S&P noted in its downgrade report that although Chubb's operating performance in 2003 is expected to be very strong, it believes that the company needs to continue rate increases across most business lines and more effectively manage its "relatively high expense structure."
The rating agency added that Chubb is more capital constrained in 2003 than in prior years because of charges over the past 18 months relating to 9/11 terrorism attacks, Enron-related surety losses, and asbestos reserve strengthening, as well as reserve strengthening for directors and officers liability exposure.
A.M. Best also expressed similar capital concerns earlier this month, when it assigned a "double-a-minus" senior debt rating for Chubb. The Oldwick, N.J.-based insurance rating firm noted that Chubb's interest expense and shareholder dividends would amount to some $400 million in 2003.
"The ability to accumulate capital at the subsidiary level, which is needed to support more rapid growth in the current hard property-casualty markets, remains constrained," A.M. Best said.

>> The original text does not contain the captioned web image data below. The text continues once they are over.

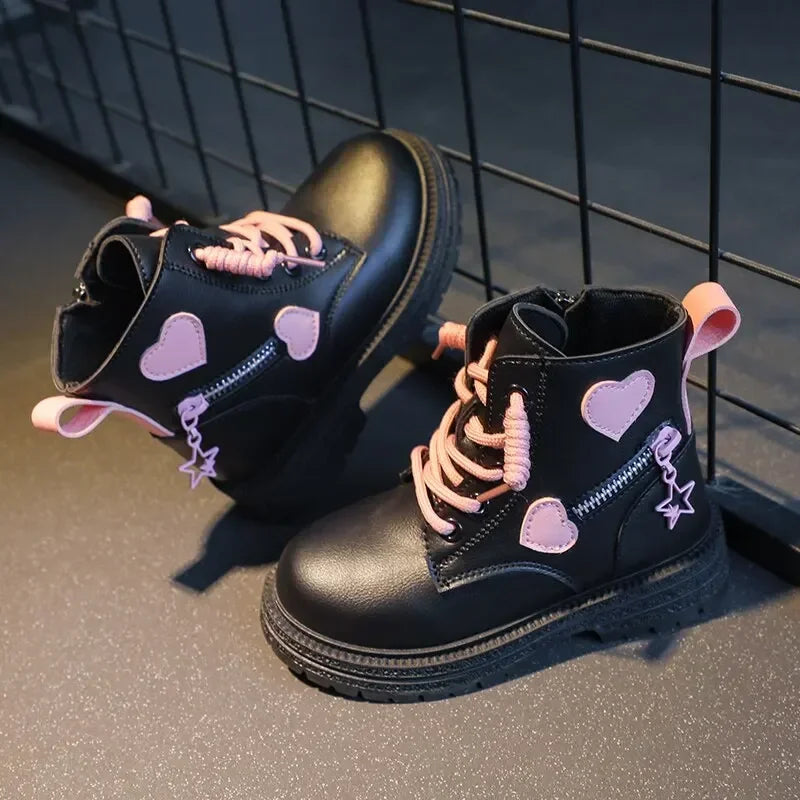 Black/pink Girls Leather Boots Velvet with Anti Slip Low Cut Side Zipper Winter Outdoor Girls Fashion Single Boot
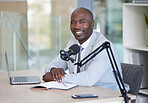 Podcast, portrait and black man with microphone, radio broadcast or content creation in office, laptop and planning. Virtual reporter, news speaker or journalist speaking on live streaming audio show
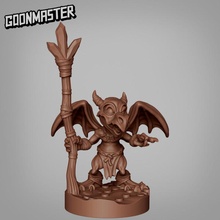 kobold sorcerer 1 tabletop dragon dragons dungeons gold mini rpg wings magic miniature staff mage flying dnd winged pathfinder shaman 3d print model - Mito3D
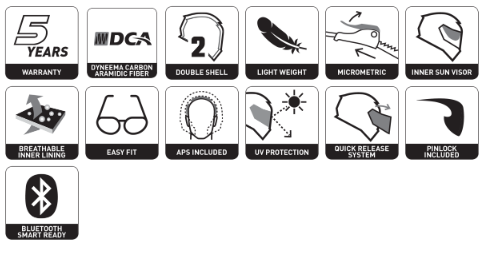 Casco integrale Premier PREMIER EVOLUZIONE SP Y BM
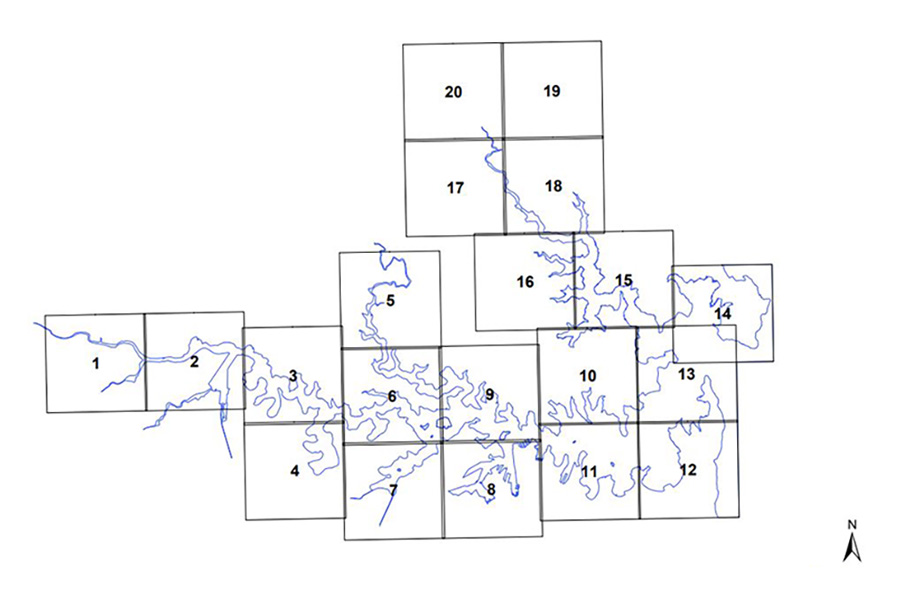 Index map of Sydney Harbour - Foreshores and Waterways Area Development Control Plan: Ecological Communities and Landscape
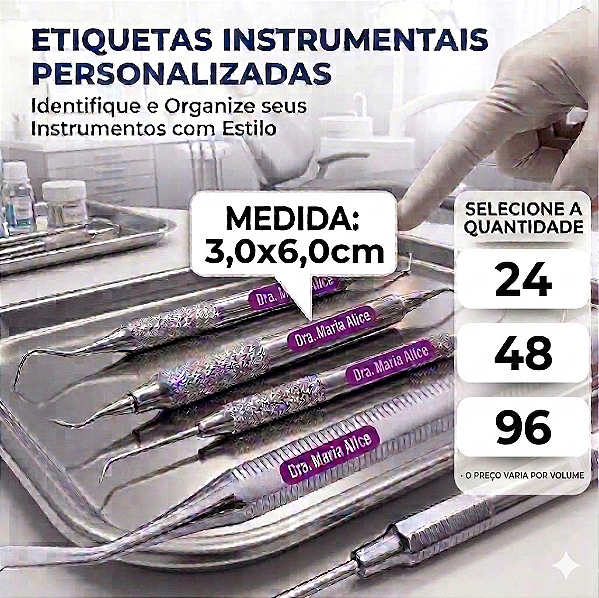 Etiquetas Adesivos 3,0x6,0cm Dentista Autoclavável 180o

On a brighter note, S&P said Chubb is expected to boost capital strength by raising new equity. Additionally, Chubb continues to enjoy strong brand-name recognition globally and strong capitalization on a consolidated basis.
"Chubb continues to distinguish itself from the competition through innovative bundled and unbundled niche product development, exceptional global service capability, and a respected brand name reinforced by Chubb's underwriting discipline," S&P stated.
S&P expects Chubb's total growth in net written premium to be about 20 percent in 2003 and expects very strong operating performance, thanks to a consolidated combined ratio of less than 100 percent, excluding catastrophic events.